Both oni and tengu are yokai (supernatural monsters or demons) of the mountains. We might consider them both to be ogres, devils or trolls, but here in Japan oni are characterised by red or blue skin, hideous faces, wild hair and long horns.

Oni often carry iron clubs and wear tiger-skin loincloths (so there must have been tigers here!) and are considered immensely powerful, even invincible. They may be considered invincible, but I have witnessed people throwing dried soybeans at them to keep them away during Setsubun. Amazingly this seems to work, and I have yet to meet any soybean wielder who has been harmed by an oni. Apart from living in the mountains you may also find them hiding amongst decorative roof tiles.

Mountain streams form an important habitat in Japan, and one of the strange creatures that lives there is the kappa (or kawatora – literally river tiger). This river demon or imp is, in Shinto at least, a water deity, whereas for Buddhists it is a hungry ogre. Their plethora of regional names indicates that they are ubiquitous, even if rarely seen today.

These scaly-skinned roughly humanoid creatures are typically green or blue, though occasionally they appear gold. They have webbed hands and feet suited to their riverine habitat, where they hunt for fish… and other things! Uniquely, in a hairless depression in the very top of their skull kappa carry their watery habitat with them whenever they must leave their riverine homes. In some regions kappa are believed to live in water only during spring and summer, they can cover their watery pileum with a metal cap and live away from water, in fact they may spend the remainder of the year in the mountains where they are revered as mountain gods.

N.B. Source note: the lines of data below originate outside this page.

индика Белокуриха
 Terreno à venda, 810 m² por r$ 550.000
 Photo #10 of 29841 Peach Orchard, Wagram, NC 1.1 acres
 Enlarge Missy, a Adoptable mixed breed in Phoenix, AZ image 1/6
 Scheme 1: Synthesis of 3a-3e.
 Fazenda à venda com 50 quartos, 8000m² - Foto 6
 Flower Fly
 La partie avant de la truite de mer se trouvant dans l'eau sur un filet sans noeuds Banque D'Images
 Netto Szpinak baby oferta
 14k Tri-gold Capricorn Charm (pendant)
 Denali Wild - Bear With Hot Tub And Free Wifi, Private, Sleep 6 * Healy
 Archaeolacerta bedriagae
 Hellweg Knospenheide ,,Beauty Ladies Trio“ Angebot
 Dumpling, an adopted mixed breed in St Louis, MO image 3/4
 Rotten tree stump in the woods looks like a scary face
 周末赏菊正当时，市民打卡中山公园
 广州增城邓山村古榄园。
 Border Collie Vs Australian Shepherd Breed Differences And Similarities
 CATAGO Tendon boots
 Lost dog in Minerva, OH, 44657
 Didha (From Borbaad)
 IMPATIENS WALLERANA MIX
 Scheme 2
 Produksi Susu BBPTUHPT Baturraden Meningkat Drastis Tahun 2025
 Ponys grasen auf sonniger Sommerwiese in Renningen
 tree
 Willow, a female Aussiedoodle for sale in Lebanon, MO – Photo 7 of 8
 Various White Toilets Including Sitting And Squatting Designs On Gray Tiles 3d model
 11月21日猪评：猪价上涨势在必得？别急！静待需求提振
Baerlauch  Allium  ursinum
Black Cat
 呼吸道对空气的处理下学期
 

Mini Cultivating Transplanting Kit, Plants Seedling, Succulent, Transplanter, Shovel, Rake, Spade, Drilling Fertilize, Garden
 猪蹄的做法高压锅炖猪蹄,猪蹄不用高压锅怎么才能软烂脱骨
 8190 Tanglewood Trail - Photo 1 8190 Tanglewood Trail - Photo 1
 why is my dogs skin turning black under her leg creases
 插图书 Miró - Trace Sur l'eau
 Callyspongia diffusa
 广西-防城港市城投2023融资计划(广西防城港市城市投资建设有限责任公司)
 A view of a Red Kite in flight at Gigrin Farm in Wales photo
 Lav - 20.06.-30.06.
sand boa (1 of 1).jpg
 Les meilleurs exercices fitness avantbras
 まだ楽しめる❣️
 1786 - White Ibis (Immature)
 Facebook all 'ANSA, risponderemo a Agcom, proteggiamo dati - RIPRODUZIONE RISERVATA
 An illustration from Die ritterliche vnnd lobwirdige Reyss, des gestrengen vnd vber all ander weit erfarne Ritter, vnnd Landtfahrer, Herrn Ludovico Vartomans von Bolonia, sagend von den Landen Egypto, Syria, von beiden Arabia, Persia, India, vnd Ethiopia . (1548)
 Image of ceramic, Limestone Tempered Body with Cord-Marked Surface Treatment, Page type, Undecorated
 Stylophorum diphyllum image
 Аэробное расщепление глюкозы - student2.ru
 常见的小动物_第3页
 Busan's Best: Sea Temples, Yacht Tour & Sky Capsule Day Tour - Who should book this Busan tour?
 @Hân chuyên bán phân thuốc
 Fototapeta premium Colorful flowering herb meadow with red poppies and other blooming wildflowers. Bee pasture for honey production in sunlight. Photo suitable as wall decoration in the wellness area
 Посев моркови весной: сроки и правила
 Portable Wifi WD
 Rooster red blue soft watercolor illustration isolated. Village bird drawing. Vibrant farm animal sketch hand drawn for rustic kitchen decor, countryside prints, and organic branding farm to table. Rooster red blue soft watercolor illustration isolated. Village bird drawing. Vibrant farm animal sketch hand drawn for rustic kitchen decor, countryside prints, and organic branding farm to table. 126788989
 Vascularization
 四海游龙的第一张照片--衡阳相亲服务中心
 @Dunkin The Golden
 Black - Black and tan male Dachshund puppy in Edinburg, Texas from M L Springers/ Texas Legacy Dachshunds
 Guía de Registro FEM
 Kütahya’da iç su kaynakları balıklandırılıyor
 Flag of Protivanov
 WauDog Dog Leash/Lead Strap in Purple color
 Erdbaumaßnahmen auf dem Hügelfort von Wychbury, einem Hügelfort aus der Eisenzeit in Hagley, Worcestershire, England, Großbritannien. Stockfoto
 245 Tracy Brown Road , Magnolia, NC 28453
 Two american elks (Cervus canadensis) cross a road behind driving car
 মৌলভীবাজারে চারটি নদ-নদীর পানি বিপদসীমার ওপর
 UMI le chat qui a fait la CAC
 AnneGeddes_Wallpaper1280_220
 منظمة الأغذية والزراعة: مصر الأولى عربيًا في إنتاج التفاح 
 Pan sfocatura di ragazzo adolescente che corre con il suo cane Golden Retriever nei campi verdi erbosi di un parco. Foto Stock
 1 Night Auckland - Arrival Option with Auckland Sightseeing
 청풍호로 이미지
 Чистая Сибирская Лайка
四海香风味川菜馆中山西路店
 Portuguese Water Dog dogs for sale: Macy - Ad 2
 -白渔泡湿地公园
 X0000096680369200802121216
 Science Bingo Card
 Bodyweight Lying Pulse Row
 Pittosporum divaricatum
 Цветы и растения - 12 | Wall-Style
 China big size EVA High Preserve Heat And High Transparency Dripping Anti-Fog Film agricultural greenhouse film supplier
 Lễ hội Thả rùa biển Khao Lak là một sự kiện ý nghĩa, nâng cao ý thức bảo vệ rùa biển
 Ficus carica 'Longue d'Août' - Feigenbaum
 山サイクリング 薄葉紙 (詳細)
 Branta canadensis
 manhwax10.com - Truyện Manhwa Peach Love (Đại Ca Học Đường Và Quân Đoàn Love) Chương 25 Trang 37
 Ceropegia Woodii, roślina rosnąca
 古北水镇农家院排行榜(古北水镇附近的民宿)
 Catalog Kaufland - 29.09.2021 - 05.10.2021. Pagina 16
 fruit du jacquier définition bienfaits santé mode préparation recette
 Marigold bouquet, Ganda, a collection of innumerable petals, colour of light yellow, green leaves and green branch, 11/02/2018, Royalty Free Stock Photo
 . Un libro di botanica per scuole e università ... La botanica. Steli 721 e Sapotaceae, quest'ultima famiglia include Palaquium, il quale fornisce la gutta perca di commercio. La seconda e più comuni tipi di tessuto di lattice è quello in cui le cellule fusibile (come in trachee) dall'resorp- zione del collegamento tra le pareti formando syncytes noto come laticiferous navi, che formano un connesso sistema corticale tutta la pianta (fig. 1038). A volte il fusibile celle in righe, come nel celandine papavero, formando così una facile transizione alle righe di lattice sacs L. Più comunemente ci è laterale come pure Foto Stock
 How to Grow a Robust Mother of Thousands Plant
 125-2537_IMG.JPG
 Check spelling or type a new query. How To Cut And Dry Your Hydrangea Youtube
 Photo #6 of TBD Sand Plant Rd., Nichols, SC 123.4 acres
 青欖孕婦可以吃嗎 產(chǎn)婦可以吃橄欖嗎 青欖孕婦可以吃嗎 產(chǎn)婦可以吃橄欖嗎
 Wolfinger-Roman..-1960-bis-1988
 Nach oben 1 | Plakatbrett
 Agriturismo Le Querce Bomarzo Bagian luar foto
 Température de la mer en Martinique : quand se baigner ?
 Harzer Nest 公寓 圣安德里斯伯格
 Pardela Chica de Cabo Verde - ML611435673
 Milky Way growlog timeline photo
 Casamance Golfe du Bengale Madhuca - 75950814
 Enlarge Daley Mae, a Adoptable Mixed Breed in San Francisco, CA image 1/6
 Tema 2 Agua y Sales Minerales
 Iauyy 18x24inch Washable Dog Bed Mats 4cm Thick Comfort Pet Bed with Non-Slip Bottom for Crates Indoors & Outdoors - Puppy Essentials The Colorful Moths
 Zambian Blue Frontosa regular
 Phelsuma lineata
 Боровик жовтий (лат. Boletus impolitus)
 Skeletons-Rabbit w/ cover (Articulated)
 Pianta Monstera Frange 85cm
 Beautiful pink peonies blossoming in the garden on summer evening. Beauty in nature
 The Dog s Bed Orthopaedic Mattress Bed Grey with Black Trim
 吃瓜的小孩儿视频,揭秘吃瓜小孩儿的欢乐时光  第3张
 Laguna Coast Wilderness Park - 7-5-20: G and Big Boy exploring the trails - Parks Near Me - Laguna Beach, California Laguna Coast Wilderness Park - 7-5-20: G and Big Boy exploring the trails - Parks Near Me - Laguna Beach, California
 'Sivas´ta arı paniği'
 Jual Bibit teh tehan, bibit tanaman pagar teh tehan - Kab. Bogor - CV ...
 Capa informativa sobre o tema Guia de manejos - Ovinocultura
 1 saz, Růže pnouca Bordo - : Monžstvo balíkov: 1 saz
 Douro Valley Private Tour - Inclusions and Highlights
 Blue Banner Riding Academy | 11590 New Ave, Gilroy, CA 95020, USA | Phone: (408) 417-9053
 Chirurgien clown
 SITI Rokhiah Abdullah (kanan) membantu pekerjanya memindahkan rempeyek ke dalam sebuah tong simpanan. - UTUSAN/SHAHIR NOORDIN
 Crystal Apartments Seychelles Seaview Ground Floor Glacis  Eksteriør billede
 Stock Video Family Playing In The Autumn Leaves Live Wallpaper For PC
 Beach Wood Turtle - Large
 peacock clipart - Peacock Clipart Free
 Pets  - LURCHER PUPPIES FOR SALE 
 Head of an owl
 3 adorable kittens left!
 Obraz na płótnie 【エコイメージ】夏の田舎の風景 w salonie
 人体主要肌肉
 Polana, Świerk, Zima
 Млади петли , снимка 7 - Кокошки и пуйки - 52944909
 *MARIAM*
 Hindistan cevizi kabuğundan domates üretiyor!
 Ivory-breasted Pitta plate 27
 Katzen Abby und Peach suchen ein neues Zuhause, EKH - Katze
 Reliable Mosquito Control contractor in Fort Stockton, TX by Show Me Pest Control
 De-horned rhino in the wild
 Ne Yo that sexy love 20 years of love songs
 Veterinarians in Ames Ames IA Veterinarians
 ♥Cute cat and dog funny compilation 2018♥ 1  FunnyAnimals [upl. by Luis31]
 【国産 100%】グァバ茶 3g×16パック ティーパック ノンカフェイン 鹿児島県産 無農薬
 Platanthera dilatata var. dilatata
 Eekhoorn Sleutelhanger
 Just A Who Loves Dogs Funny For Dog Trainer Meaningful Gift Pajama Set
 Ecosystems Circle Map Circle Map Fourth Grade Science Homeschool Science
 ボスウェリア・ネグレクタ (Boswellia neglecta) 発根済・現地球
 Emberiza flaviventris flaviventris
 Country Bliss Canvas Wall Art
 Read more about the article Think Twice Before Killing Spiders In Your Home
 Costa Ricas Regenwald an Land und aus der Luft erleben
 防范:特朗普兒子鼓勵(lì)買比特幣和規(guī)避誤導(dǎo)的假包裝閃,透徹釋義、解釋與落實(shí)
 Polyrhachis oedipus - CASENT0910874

Variously seen as mischievous or malevolent tricksters, the pranks of the kappa range from sneaking peaks beneath women’s clothing to kidnap, rape, drowning, and even eating human flesh. Search for them along riverbanks anywhere in the mountains of Honshu, Shikoku or Kyushu, I have not heard of any here in Hokkaido, and have never seen one myself, but do be aware of their danger.

Should you be confronted by a kappa while wandering near a river, remember that they are averse to iron, ginger, and sesame, and can be driven away if you are armed with these. Just in case you don’t have iron, ginger or sesame at hand, then remember that kappa are, despite their malevolent reputation, polite. So, when meeting one for the first time bow deeply and it will respond in kind, thereby spilling the water, its life force, from its crown. Losing its precious water will render it unable to move. Provide a refill of water from its river and the kappa will serve you for life.

Perhaps kappa live quietly alongside us, hiding and keeping out of sight, or perhaps tales of the kappa were invented to warn children of the dangers of playing by the river, where sudden floods and the gaping maws of giant salamanders await them.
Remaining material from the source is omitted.